Step 1: construct a reduced training set
To blend the models, you need to construct a reduced training set by excluding from Netflix provided training set all ratings present in the probe set.
Step 2: train you different models on the reduced training set
For now we train each individual model on the reduced training set. Later we will re-train all the models on the full training set. To re-train in a consistent way, it is critical to record carefully at this step all the parameters used, the number of training epoch, etc.
Step 3: predict the probe set
For each model trained on the reduced training set, predict the probe set.
Step 4: select you favorite blending recipe
This step receives as input the predicted probe set results from each model, and the real probe set ratings. The output is a function that mixes the individual model predictions into a blended prediction, hopefully better than any individual result. A simple linear regression will get you a long way, but feel free to experiment with your favorite machine learning algorithm. What is key here, is that any unknown coefficient (for example the linear regression coefficients) can be selected to minimize the error between the blended prediction and the real probe set scores.
N.B. If over fitting the blending function is an issue, partition the probe set in two. Use one part for training the function, and the other for cross-validation.
Step 5: re-train all models using the full training set
At this point, we are preparing for our final predictions. To get the best possible accuracy, we re-train all models using the full training set. The addition of the probe set data in the training data can result in an accuracy boost of 0.0060 or more.
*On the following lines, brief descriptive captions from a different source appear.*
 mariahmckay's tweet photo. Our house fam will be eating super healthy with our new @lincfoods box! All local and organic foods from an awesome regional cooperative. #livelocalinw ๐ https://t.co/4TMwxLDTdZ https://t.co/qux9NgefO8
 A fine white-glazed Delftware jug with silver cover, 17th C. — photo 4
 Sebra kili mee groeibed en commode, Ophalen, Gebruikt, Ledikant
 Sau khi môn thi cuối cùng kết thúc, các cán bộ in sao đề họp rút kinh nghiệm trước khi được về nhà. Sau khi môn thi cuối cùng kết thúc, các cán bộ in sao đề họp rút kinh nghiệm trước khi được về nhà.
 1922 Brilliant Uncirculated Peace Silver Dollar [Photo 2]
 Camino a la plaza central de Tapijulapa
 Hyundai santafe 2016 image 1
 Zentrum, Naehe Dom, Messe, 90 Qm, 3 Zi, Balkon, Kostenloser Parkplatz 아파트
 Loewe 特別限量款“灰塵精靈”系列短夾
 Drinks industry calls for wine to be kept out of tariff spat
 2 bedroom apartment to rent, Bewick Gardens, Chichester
Step 6: blend the re-trained models
Here's the leap of fate. We assume that the blending function we computed at step 4 is still a valid function to blend the re-trained models. For this to work, the two sets of models must be computed with a rigorously equivalent methodology. Also, the selected function from step 4 must be a valid generalization and avoid over fitting. This is not an issue with a simple linear regression, but may become problematic for complex machine learning methods with many degrees of freedom.
Step 7: clamp the final predictions
Here's a hint: clamping values between 1 and 5 is not optimal.
If this well done, then improvements in the models can be measured after step 4 by comparing the accuracy on the probe set. Values on the qualifying set will be better by 0.0060 or more, but this offset should be very consistent from one submission to another. Lately I have been getting 0.0068 +/- 0.0001.